The model solved 90 percent of Python problems and 74 percent of Erlang problems. But in Idris, it managed only 39 percent.

At first, that looked disappointing. But the reason soon became clear.

Idris is extremely strict. Small issues—like missing variable names, incomplete cases, or mismatched types—can cause the program to fail immediately. The AI often got stuck on these early rules before it could even reach the deeper logic of the problem.

Li first tried softer methods to help the model. She gave it platform feedback, created a custom error guide, and even provided official Idris documentation.

These efforts helped a little, pushing the success rate to 61 percent, but the AI still struggled.

The lesson was surprisingly clear: general advice wasn’t enough. The AI needed specific feedback tied directly to the exact mistake in each program.

AI fixed mistakes with feedback

The breakthrough came with a simple loop.

Li ran the AI’s code locally so the compiler—the software that checks and translates code—could point out the exact lines that failed. She then sent those error messages back to GPT-5 and asked it to fix the problems.

Sometimes this cycle repeated up to 20 times.

Before running the full experiment, Li expected only a small improvement. Instead, the result shocked her.

The success rate jumped to 96 percent.

“I was surprised that just that alone—something so simple like recompiling and trying again—was able to reach 96 percent,” Li said.

The reason made sense. Compiler errors don’t give vague advice; they show the precise problem. In early tests, missing names appeared 123 times, and Idris often couldn’t tell what the programmer intended.

Manuals can warn about common mistakes. But only the compiler can say exactly what failed in that specific program.

“Our AI tools are now able to transcend their initial training,” Krishnamachari said.

Beyond software alone

This kind of feedback loop isn’t limited to programming.

Many fields work in similar ways. In mathematics, legal reasoning, or other rule-heavy areas, mistakes can often be clearly identified.

If AI systems receive that kind of precise feedback, they could fix their work before a human even sees the first draft.

Researchers believe the method could also help with low-resource human languages, where there simply isn’t enough written material to train large AI models.

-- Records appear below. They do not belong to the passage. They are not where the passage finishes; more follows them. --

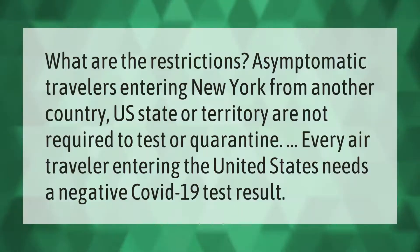What are the restrictions? Asymptomatic travelers entering New York from another country, U.S. state, or territory are not required to test or quarantine. Every air traveler entering the United States needs a negative COVID-19 test result.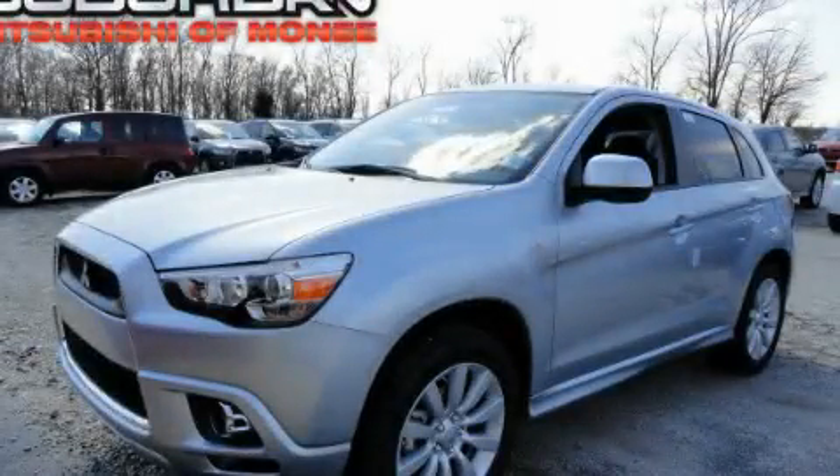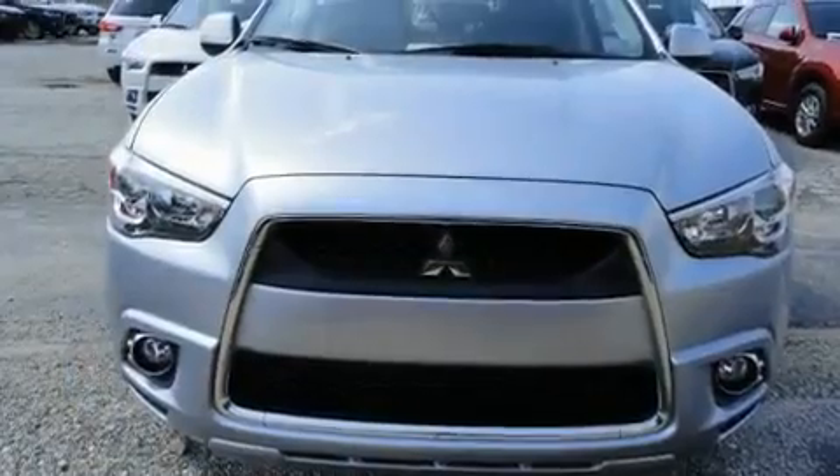This is a brand new 2011 Mitsubishi Outlander. Plenty of space for what you need.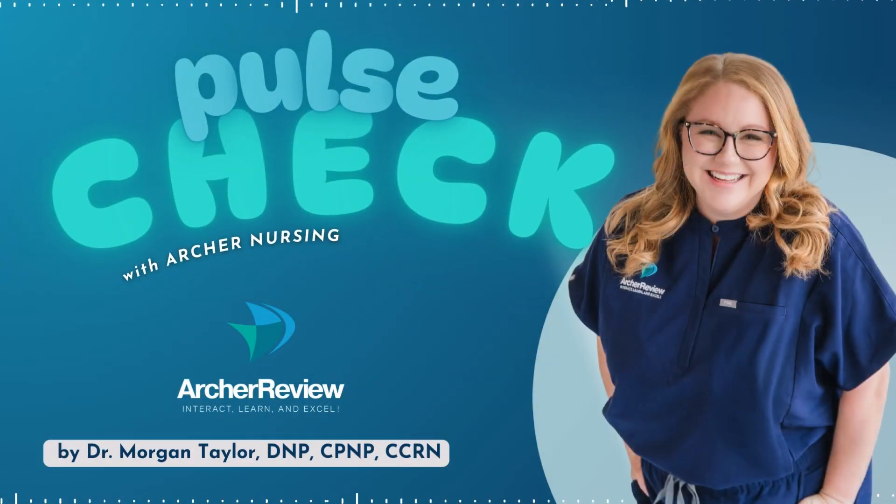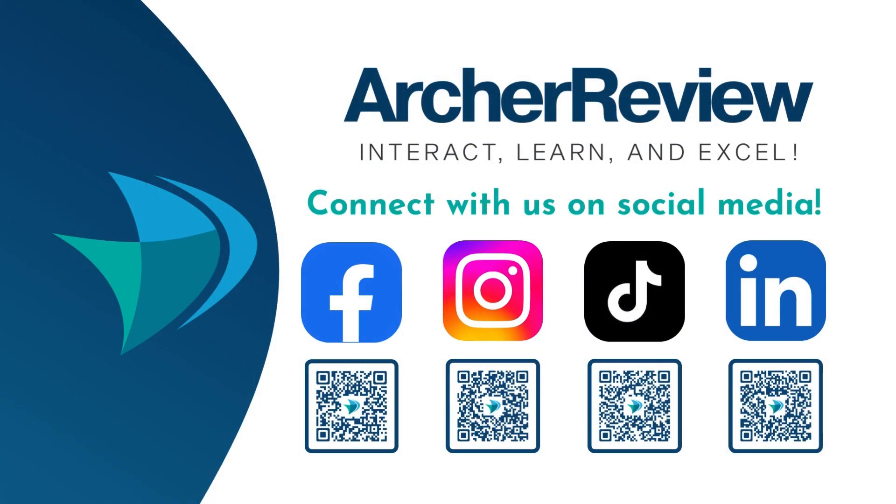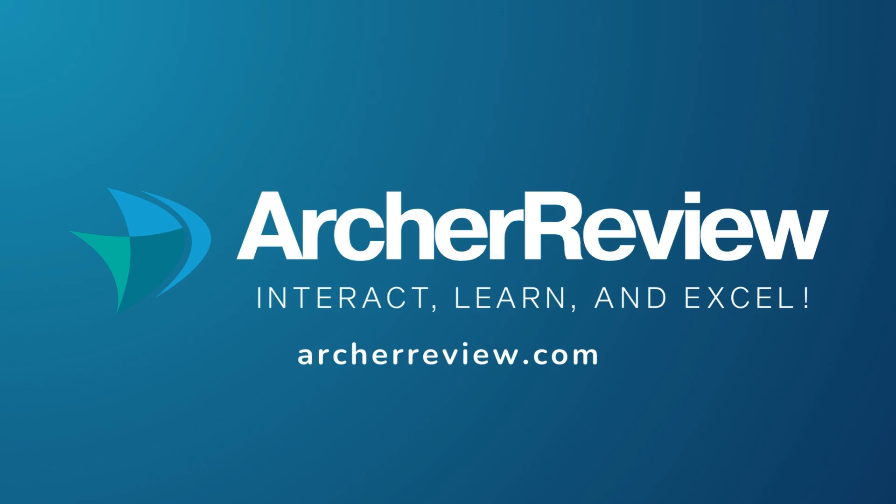That's a wrap, future nurses. If you found this podcast helpful, Archer Nursing has you covered with on-demand video lectures, high-yield question banks, live case study reviews, and so much more — to help you master top concepts and make it fun. Join us at archerreview.com and follow us on socials at Archer Nursing for free nursing tips and study resources. Thanks for tuning in to Pulse Check with Archer Nursing. I'm Dr. Morgan Taylor, and I'll see you back next time.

But one thing is crucial: the feedback must be clear, accurate, and connected to the exact mistake.

Not every problem was solved

Even with this powerful method, the system wasn’t perfect.

Two Idris problems remained unsolved even after 20 rounds of corrections. Sometimes fixing one issue created another, showing that repeated adjustments can still lead to confusion.

The researchers also pointed out another possibility. Some Idris examples might already exist somewhere in the AI’s training data.

If that’s true, part of the model’s success might come from remembering patterns rather than learning entirely from feedback.

To test this properly, future experiments would need brand-new problems created after the model’s training.

Teaching AI to remember

Looking ahead, Li hopes to make the system smarter about learning from its past mistakes.

Right now, the AI often starts each problem from scratch, repeating the same kinds of errors again and again.

A model that remembers previous fixes could avoid those traps. It would need fewer retries and use less computing power.

That shift would turn a clever correction loop into something closer to real learning.

In the end, the research hints at an encouraging idea. AI might not always be limited by missing data. Sometimes, what it really needs is clear feedback and the chance to try again. And with the right signals, it can improve far more than we might expect.